Not to Be Confused with Meditation

Mindfulness often gets confused with meditation, and whilst there can be a meditative component to some mindfulness practices, it simply means to bring your attention (without judgment) to what you’re experiencing in the present moment. Usually, this is done by initially focusing on one thing, like your breathing.  

So, whilst it’s probably not going to help you reach some enlightened state (apologies to anybody who thought mindfulness would be the key to eternal happiness), it is proven to help make things just that little bit more manageable.   

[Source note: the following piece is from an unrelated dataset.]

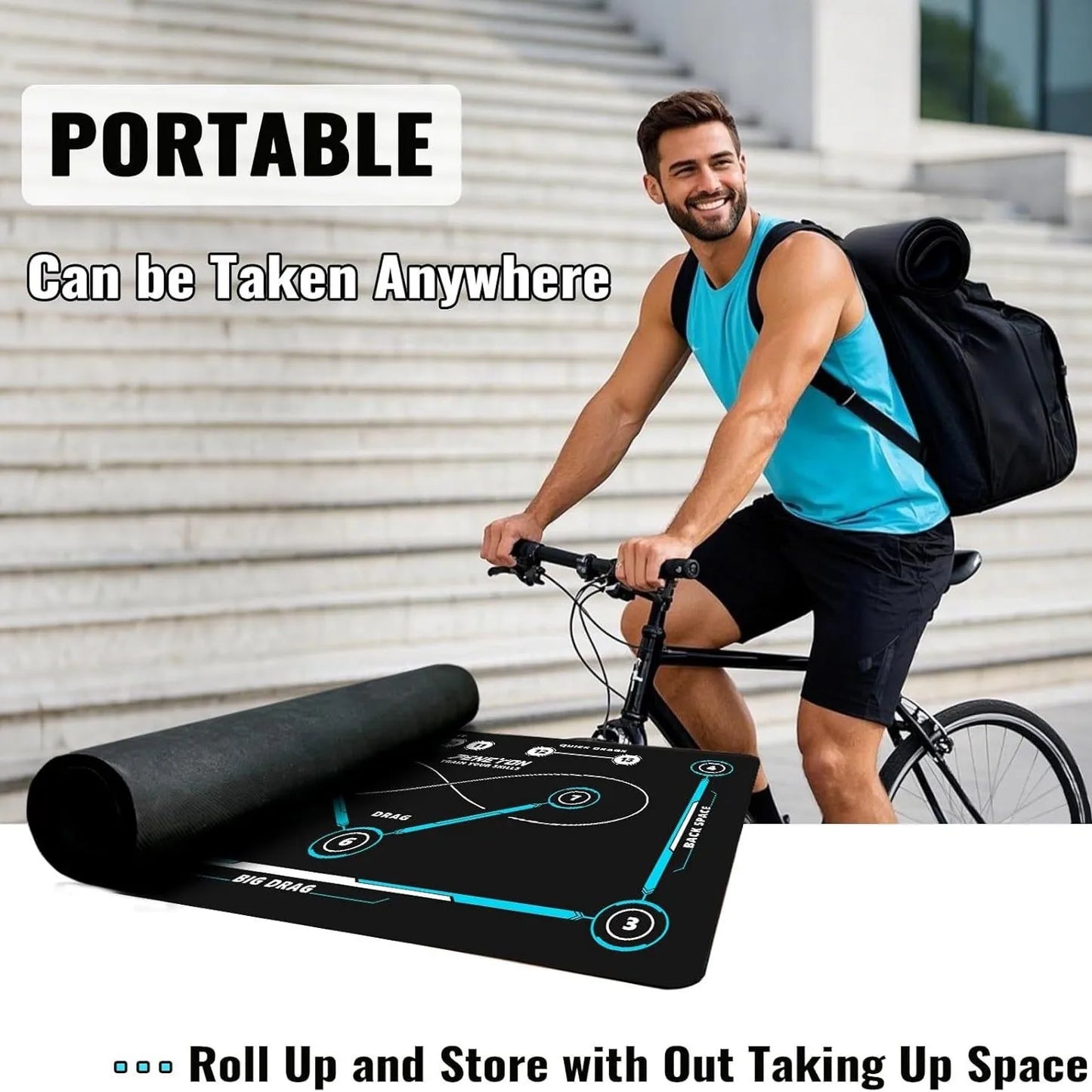 Hockey training pad that can be easily unfolded at any time Rubber pad American sports non-slip and wear-resistant thickened pad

It’s going to help bring you back to the now, away from the stresses and worries flittering around your head, so that you can get back to focusing on what’s important to you in that present moment. If you want basic mindfulness exercises, you can try apps like Headspace or Calm. Alternatively, you can try out one of these beginner exercises from Mashable.   

Schedule in Some Self-Care


#Selfcare is all the rage these days, particularly on social media – but really, it’s an extensive term that can encompass anything you want it to!  

It can be something more stereotypically associated with the term, like drawing a hot bath and having a cosy evening in front of the TV watching your favourite series. Or it can be like walking in the countryside and leaving your phone at home to free yourself from distractions.   

Self-care can be as simple as taking deep breaths and slowing everything down a fraction. When you engage in deep breathing, you activate the parasympathetic nervous system, which helps calm both our mind and body down.  

All of which is to say, doing something for yourself that you enjoy for no other purpose than because you appreciate and want it, is a surefire way to help out how you’re feeling. 

Social Care is an Emotionally Intense Field for Deeply Caring Individuals 


Now, it’s important to stress that the point of this article isn’t to put people off social care roles – far from it, in fact. Instead, it’s to highlight that the nature of this particular area and of the highly compassionate and empathetic people who work within it can combine to impact social care workers’ mental health particularly. Newsflash: social care professionals really care; who could’ve foreseen that?!   

That’s why it can’t be stressed enough how important it is for social care professionals to look after their mental health however they can. We live in a world where mental health is talked about more than ever before, but many of us are struggling more than ever. Don’t suffer in silence; reach out if you need to, and take the steps to put yourself first if you’re struggling. You deserve the same level of care you give out day in and day out.